◆ **WHAT TO DO**: Copy out every line in the entries below that includes "with".

◆ **DATASET CONTENT**:
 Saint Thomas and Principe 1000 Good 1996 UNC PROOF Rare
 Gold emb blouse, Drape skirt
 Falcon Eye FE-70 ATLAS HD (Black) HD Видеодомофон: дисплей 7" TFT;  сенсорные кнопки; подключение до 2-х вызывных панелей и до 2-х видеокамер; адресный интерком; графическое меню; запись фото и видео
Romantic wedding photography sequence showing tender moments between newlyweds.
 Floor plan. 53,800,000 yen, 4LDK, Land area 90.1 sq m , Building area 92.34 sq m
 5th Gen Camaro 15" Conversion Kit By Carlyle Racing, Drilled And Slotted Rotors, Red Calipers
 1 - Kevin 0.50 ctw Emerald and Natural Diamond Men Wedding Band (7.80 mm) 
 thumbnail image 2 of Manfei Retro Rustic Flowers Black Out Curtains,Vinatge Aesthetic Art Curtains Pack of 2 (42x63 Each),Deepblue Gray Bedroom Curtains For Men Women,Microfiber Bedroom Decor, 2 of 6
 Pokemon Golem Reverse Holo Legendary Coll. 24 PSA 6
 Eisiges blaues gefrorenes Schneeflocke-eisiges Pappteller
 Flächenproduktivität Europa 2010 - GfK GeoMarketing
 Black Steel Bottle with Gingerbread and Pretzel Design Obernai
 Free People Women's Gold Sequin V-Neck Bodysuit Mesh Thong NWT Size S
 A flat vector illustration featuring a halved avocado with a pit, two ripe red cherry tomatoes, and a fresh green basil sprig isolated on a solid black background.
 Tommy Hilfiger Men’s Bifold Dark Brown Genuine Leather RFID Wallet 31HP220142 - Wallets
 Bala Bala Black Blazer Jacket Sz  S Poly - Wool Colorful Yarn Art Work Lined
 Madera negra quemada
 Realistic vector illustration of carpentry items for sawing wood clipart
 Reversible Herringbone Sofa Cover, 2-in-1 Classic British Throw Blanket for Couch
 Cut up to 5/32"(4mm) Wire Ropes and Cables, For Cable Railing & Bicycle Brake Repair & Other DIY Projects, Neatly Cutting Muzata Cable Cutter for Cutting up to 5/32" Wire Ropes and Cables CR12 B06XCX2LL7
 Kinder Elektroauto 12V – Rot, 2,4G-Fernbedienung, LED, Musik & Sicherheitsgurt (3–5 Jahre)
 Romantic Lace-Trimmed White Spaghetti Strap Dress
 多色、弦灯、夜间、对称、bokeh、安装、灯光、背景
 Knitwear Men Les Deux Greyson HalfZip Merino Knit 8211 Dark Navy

◆ **SOLVED PROBLEM**:
 Black Steel Bottle with Gingerbread and Pretzel Design Obernai
 A flat vector illustration featuring a halved avocado with a pit, two ripe red cherry tomatoes, and a fresh green basil sprig isolated on a solid black background.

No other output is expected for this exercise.